The broader markets sell-off implies growing fears of a possible economic recession, which may induce further panic selling if the risk-off sentiment continues to prevail, but it is too early to say there will be a market crash as fundamentally nothing had been changed from yesterday’s Fed-induced relief rally.
Further wild swings will be expected in a highly uncertain time. From the technical perspective, a near-term bottom view is still in place, with major indices holding at their key technical support.
The CBOE 20-year Treasury Bond (VXTLT)/blue line, vs. S&P 500 /while line, vs. CBOE Volatility Index/rede line (Jan 2003-May 2022)
Source: Bloomberg (Click to see the enlarged chart)
The above chart indicates an adverse correlation between the VXTLT and the S&P 500. The VXTLT tilts down from the peak of May, while S&P points up, which could indicate a near-term rebounding of the S&P 500, but we cannot confirm if this trend will persist.
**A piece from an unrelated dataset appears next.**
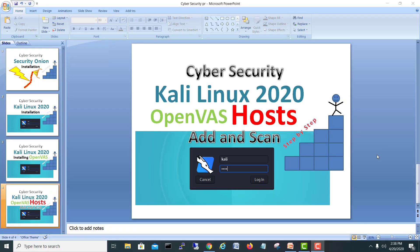Hi guys, I'm Mohammed Shiazadarshad. Today we are going to add and scan our host with the OpenVAS vulnerability scanner. As you guys know, in our last video we installed OpenVAS and saw how to install it. So today we will start scanning and see how we can start.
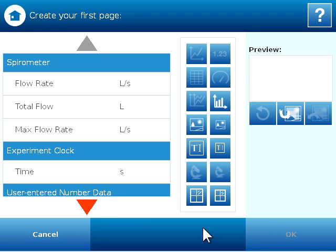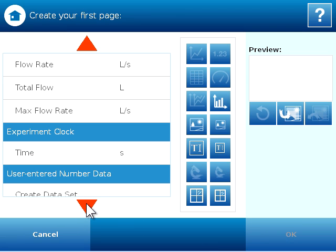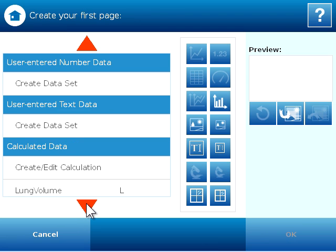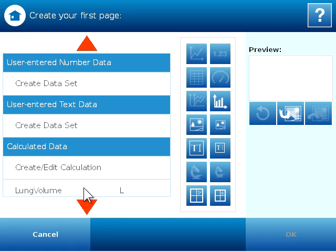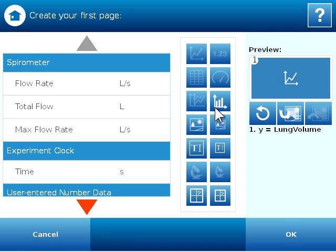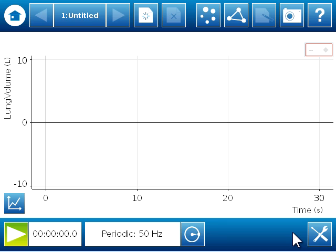So I can click done, and if I scroll down to calculated data, you'll see I now have my calculated value of lung volume in liters. So I'm going to select lung volume. You'll see it highlights in orange when I've selected it, and I'm going to choose a basic graph display. So this will give me lung volume over time, and I can click OK and see that display.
S&P 500 – Daily (testing the pivot support that defines a further downtrend)(Click to see the enlarged chart)
The S&P 500 moves in a range between 4,100 (low on 5 June) and 4,300 (the high since 25 April), where the index is testing on the key pivot support near a one-year low. A bearish breakout of this support could trigger a further sharp selloff towards the next support around 3,955 (the 78.60% retracement of Fibonacci connecting from the low on 4 Mar and the high on the 4 Jan).
Key technical elements:
- In the last 8 trading days, the buy volume exceeds the sell volume, suggesting the bullish momentum may sustain.
- Historical Volatility Index tilts down from above 70, suggesting volatility may fade (usually a rebounding in a downtrend).
- However, both MACD and Stochastic returned downside moves, which indicates the selling pressure may persist.